Cheap Street regular Hector Fiennes (U6a) then gave another piece of music from a composer who made England his home with three movements from Handel’s oratorio Jephtha. Telling the story of the titular character’s torment as he is required to sacrifice his daughter, Iphis, after being granted victory in battle. ‘Hide thou thy hated beams’, ‘A father, off’ring up his only child’, and ‘Waft her, angels’ come at the opening of Act 3, as a distraught Jephtha prepares himself to take his daughter’s life. Hector’s light but powerful tenor voice portraying particularly the vulnerability of the character at this agonising juncture in the drama.
Equally mournful, but stylistically contrasting, Hector’s fellow A level student Bently Creswell (U6a) sang the aria ‘Oh du, mein holder Abendstern’ from Wagner’s opera Tannhäuser. Rather than dealing explicitly with death, this aria is sung by the knight and poet Wolfram, who is so struck by the evening star appearing on the horizon that he breaks into song. However, the aria has a dark twist: it foreshadows the death of the Elisabeth, who will later sacrifice her own life to redeem her lover, Tannäuser. Bently’s dark and weighty tone added a gravitas to the character with fantastically performed legato.
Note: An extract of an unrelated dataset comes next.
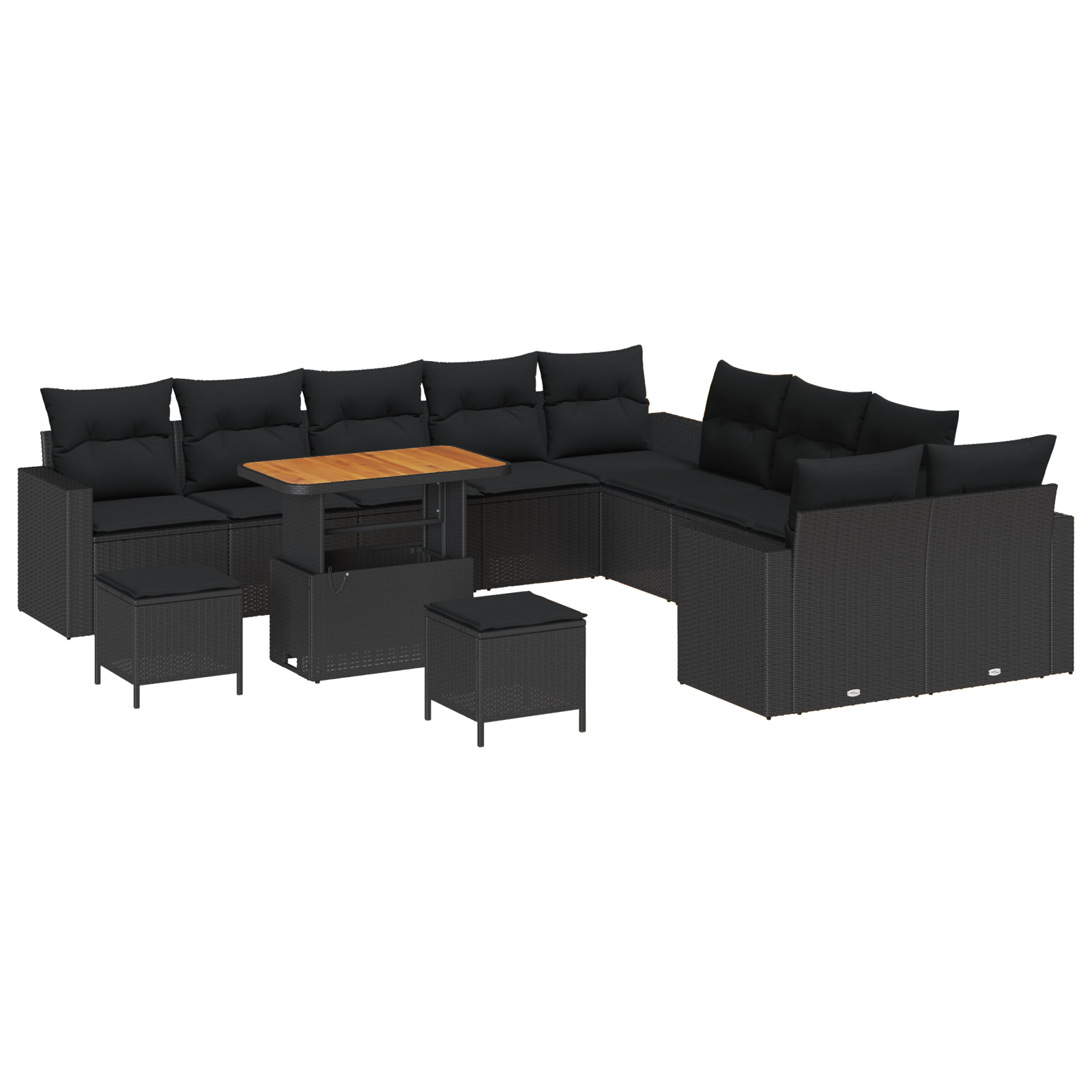Set di divano da giardino  da 13 pezzi con cuscini in polyrattan nero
A very different sort of vocal performance was then given by George Lewis (L6d Exh. Mus), but by a no less influential composer. Jerome Kern’s timeless ‘Ol’ Man River’ from the 1927 musical Show Boat. A rare example of a bass solo in a Broadway musical, the labourer Joe (a choric character for much of the musical) sings about his trials and dreams of a better life, deftly brought to life in George’s sympathetic and expressive portrayal of Kern and Hammerstein’s everyman.
Isaac Bingley (5e Sch. Mus) then gave the first solo piano performance of the term with a crisp and flashy performance of Mozart’s popular classic known as ‘Rondo alla turca’. A lightness of touch in the agile melodic passages which open the piece then gave way to much more forceful chordal passages as Mozart imitates the full force of the Turkish marching bands which became a curiosity in Vienna in his day. While modern pianos have not inherited the pedal device which would lend a percussive cymbal clash at each change of chord, Isaac nonetheless vividly conjured up the lively demeanour of the composer and the music which inspired him.
The Music School always being keen to show the breadth and depth of music making at Sherborne, Monty Westall (L6c Sch. Mus.) presented two movements of jazz inspired repertoire by Oliver Haydn Whigham III (better known by his much jazzier moniker Jiggs Whigham), veteran of the Glenn Miller Orchestra. The first, simply entitled ‘Steve’ was written as a tribute to the late Steve Gray, acclaimed pianist and arranger who counted Quincy Jones, Brian Eno, and Sammy Javis Jr among his collaborators. The elegiac tone of the piece was beautifully expressed through an impeccable legato and nuanced phrasing choices. In keeping with much of what makes the jazz idiom unique, Whigham combines both notated and improvised elements in the score, and this allowed Monty the opportunity to elaborate the second, much more lively movement drawing influence from the uptempo swing numbers of the 1930s. Any jazz musician worth their salt would bring the deceptively sparse scoring to life through the use of ‘smears, bending of pitches, [and the] conversational interpretation of rhythms’ as directed by Whigham in the preface, and, as a staple of the School’s acclaimed Swing Band, Monty relished the opportunity for this, kicking off another busy term of music making at Sherborne in style.